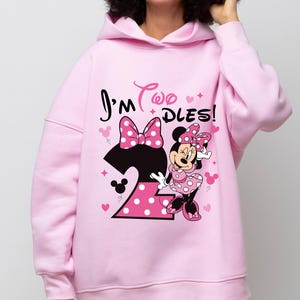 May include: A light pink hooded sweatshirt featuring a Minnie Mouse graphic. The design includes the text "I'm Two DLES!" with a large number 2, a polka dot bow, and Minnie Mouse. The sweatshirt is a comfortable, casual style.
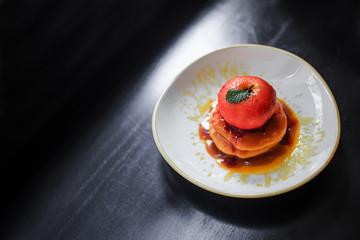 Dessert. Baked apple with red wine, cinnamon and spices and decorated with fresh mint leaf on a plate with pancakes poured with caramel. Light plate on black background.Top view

==

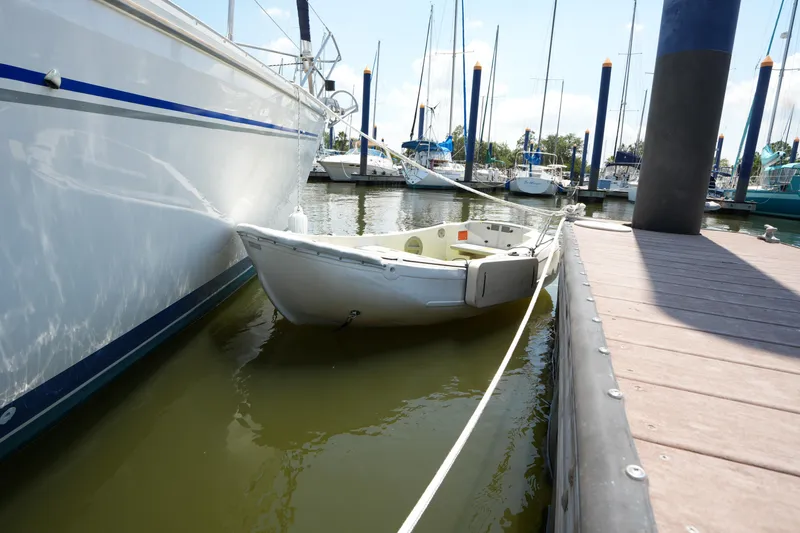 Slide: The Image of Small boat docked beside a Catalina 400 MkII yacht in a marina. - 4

* * *

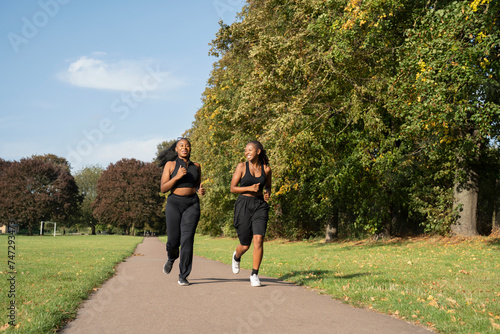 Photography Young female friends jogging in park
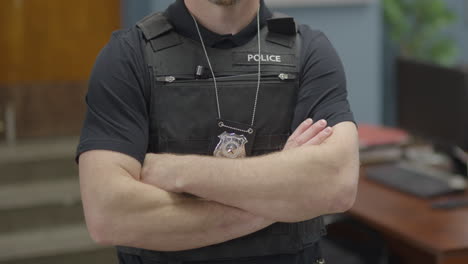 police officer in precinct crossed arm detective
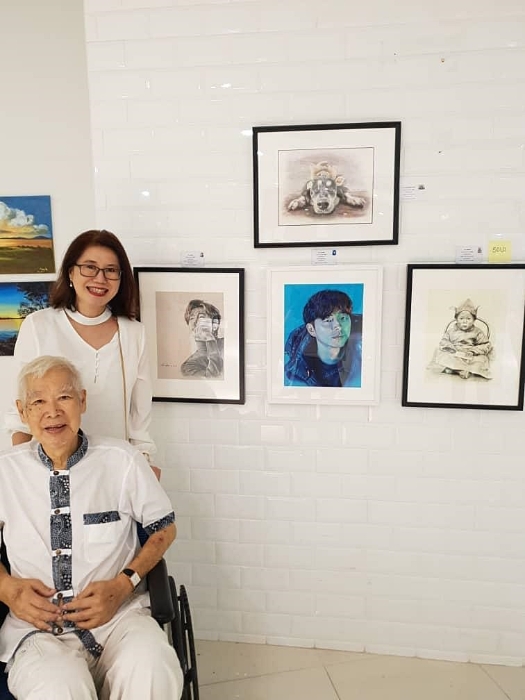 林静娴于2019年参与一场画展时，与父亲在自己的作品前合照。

▶ WHAT THE TASK REQUIRES
Find the line with "May include: A" in the entries above. Set down exactly every line from it up to and including the line with "Dessert. Baked apple", images excluded.

▶ SOLUTION BELOW
 May include: A light pink hooded sweatshirt featuring a Minnie Mouse graphic. The design includes the text "I'm Two DLES!" with a large number 2, a polka dot bow, and Minnie Mouse. The sweatshirt is a comfortable, casual style.
 Dessert. Baked apple with red wine, cinnamon and spices and decorated with fresh mint leaf on a plate with pancakes poured with caramel. Light plate on black background.Top view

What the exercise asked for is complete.